Goh Hyung-jeon: More at Ease in Her 30s
Aug 18, 2006
Goh Hyun-jeong is to make her big screen debut 16 years after she started acting. The film, "A Woman on the Beach" directed by Hong Sang-soo, goes on release on Aug. 31. Goh told the Chosun Ilbo her thoughts about her life and craft.
This is your first appearance on the big screen since you made your debut in 1989.
Many people around me warned me that acting in a movie is different from a TV drama, but I didn’t really see the difference. But after starting a mini-series for MBC last week, I realized that acting in the film had drained me. I had to cry for my first scene in the drama but couldn’t, even when the crew spent two or three hours creating the right atmosphere on the set. I thought that I was really good at crying scenes, but I just couldn’t.
Beside acting, did you realize any difference between movie and drama in terms of system?

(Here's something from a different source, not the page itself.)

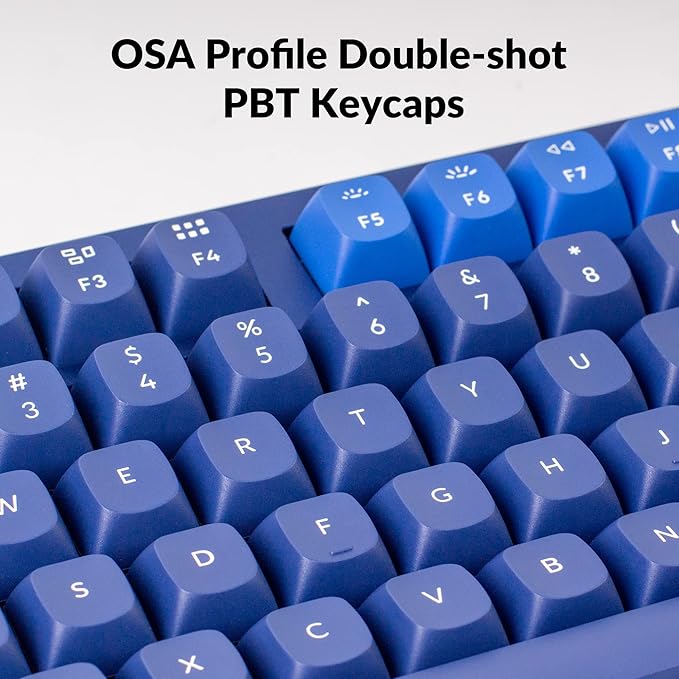 Keychron Q3 RGB Tenkeyless Layout QMK/VIA Programmable Macro Hot-swappable - Image 6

Let me say that I feel like I am at my parent’s home when acting for soap operas and at my parents-in-law’s home when acting for movies. When it comes to movies, staff will be very nice to you but they are cold-blooded when making requests.

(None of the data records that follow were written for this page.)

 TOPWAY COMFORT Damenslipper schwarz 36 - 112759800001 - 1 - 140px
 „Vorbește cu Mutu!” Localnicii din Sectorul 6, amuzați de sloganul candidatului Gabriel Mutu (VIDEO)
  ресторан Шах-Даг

You are the biggest star among the actors in Hong’s films so far, but you agreed to be in the film for a trivial sum compared to what you can expect to earn in other films.

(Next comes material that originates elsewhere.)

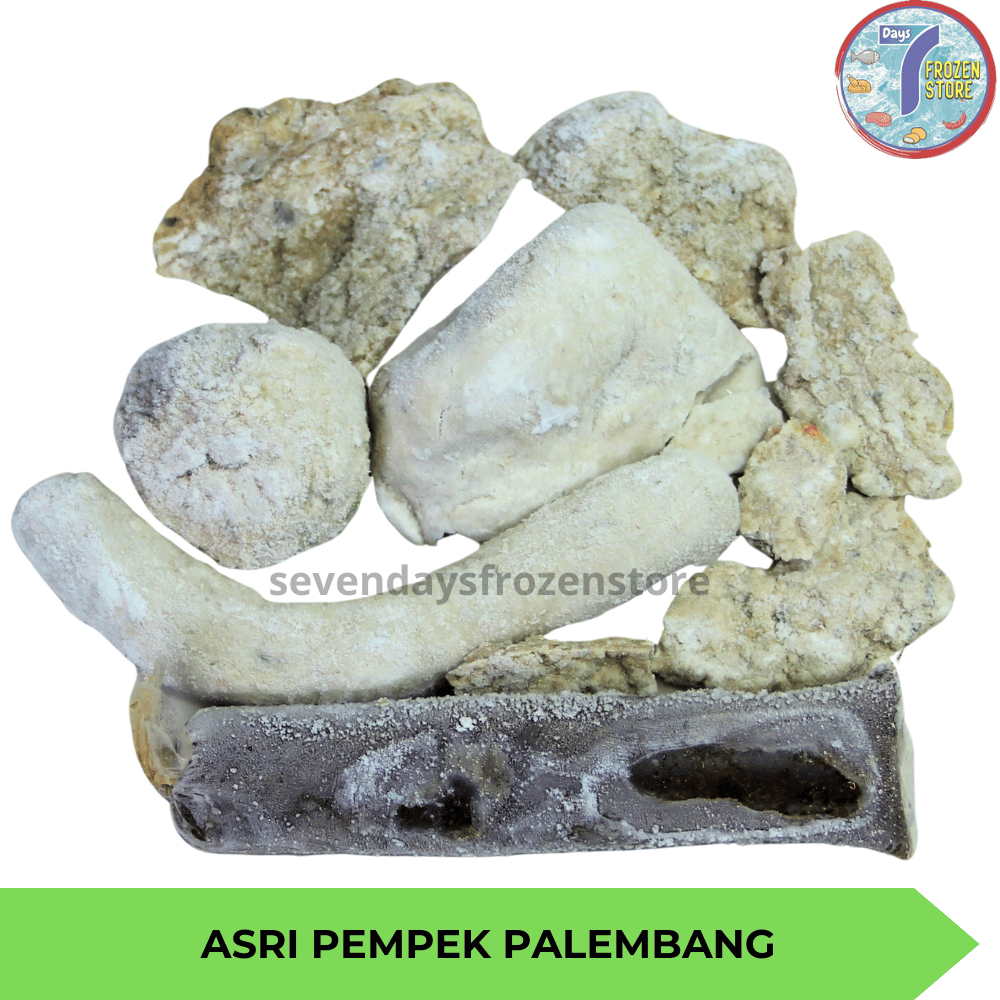 

Asri Pempek Asli Palembang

The film would have cost more than W3 billion (US$1=W959) if it paid all of its actors, actresses and crew their due, but it was actually produced with just half of that money. You just can’t pursue your own interest and also take circumstances around you into account. I think that all the people who took part in the movie made the best choice.
You are well over 30 now. When do you feel as if you are still in your 20’s and when do you accept that you are over 30 years old now?
When I meet a man, I feel like I am still in my 20s (smiles). When you turn 30, you have less and less of those moments when you hate or love something extremely. And you feel that you can understand anything when you get to know the reason. I don’t like those obscure feelings, but the fact that I have those feelings shows that I’m getting older. When I was in my 20s, I was so mature and I restrained myself from things that I wanted to do and wanted to have. But I don’t like to keep repeating that mistake until I’m 40.
After news came out that KBS anchor No Hyun-jung is getting married to a man from the Hyundai Group owner family, people joked that the name ‘Hyun-jung’ is the prerequisite for marrying a rich man from a chaebol family. Since you experienced living as a member of a chaebol family, do you have any advice for women like No who follow suit?
(Goh married Chung Yong-jin, Shinsegae vice president and a relative of the Samsung Group owner family, in 1995. Their marriage ended in 2003.)
I’m not sure if you’ll believe me, but when I got married to my ex-husband, I didn’t think much about the fact that he came from a chaebol family. It was my first relationship with someone I really loved and I just liked it. I couldn’t imagine that my being a celebrity and him being a rich man could be a source of problems in our marriage. But when I’d been married for some time, I realized there were many more things that mattered in marriage other than the relationship between wife and husband. I was faced with trouble again and again in the process when two different families unite as one. The name No Hyung-jung can be interpreted as ‘No’ Hyung-jeong, and I hope she doesn’t follow my example and has a happy marriage.